Но в некоторых педагогических системах (например, в
вальдорфской педагогике и в Монтессори-педагогике) принцип «интеллектуального
голода» является методом обучения: чтобы ребенок хотел узнавать что-то новое,
его нельзя пичкать информацией. Нужно создавать условия, при
которых ему потребуется добывать эту информацию самостоятельно.

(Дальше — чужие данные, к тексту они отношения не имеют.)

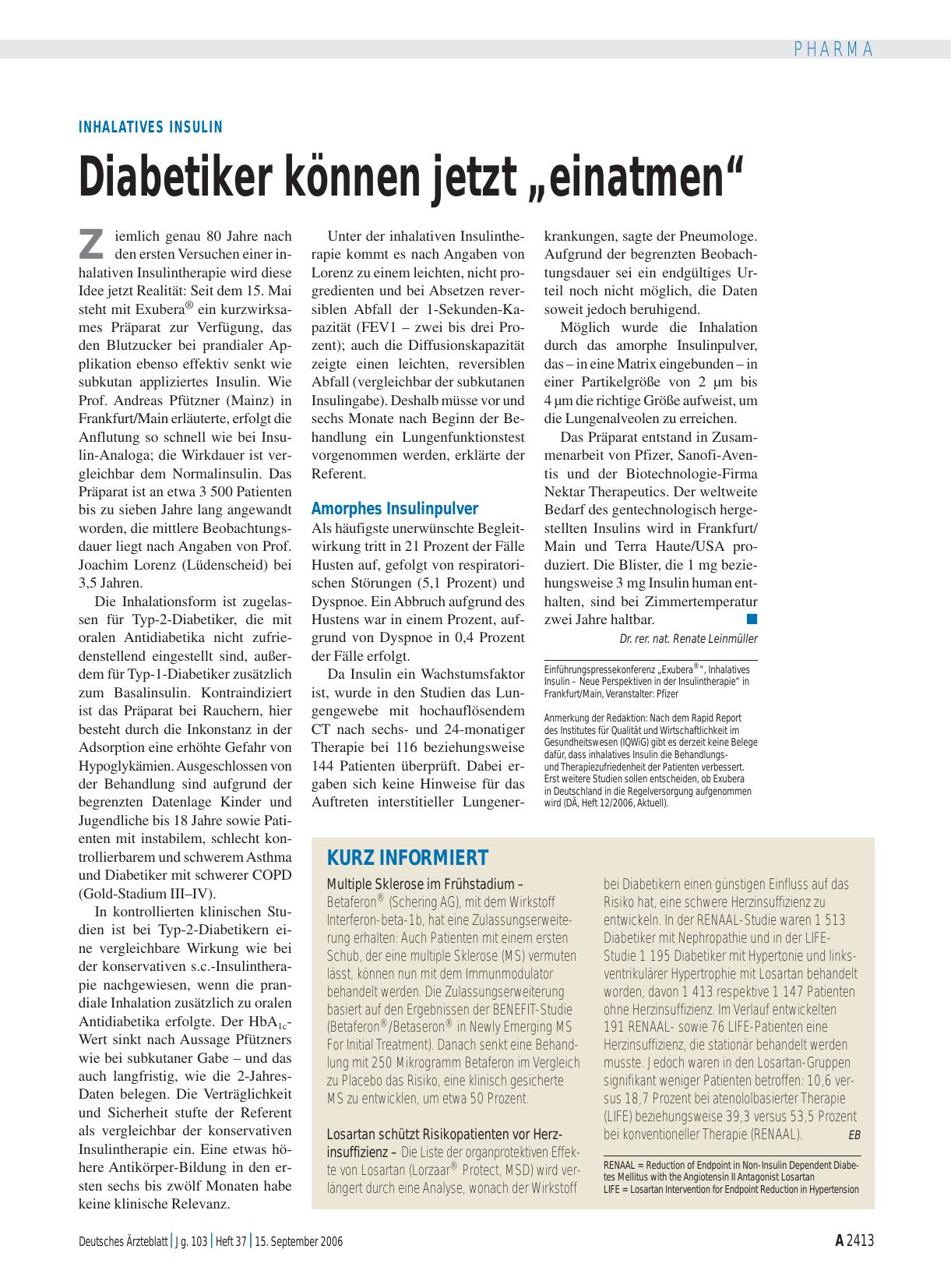Vorschauseite 1: Inhalatives Insulin: Diabetiker können jetzt „einatmen“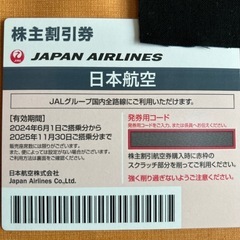 JAL 株主優待券　株主割引券　株主　優待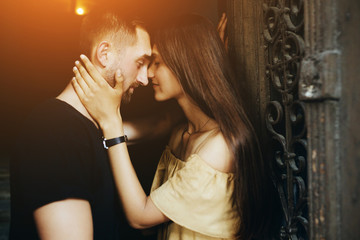 Wall Mural - couple posing in the doorway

Только тогда она будет для ребенка личностно значимой.
Как
видно из приведенных примеров, обучение детей чтению, конечно,
подчиняется общим законам, но во многом определяется индивидуальностью
обучаемых (или обучающихся). И педагогу, и родителю очень важно не
перегнуть «палку просвещения». Иначе вместо желаемого развития можно получить
совершенно обратный результат: устойчивую неприязнь к обучению любого
рода и отвращение к книге как источнику неприятностей. Если мы и
беремся чему-то учить малышей, то делать это можно только в понятных и
любимых ими формах - через игру и сказку.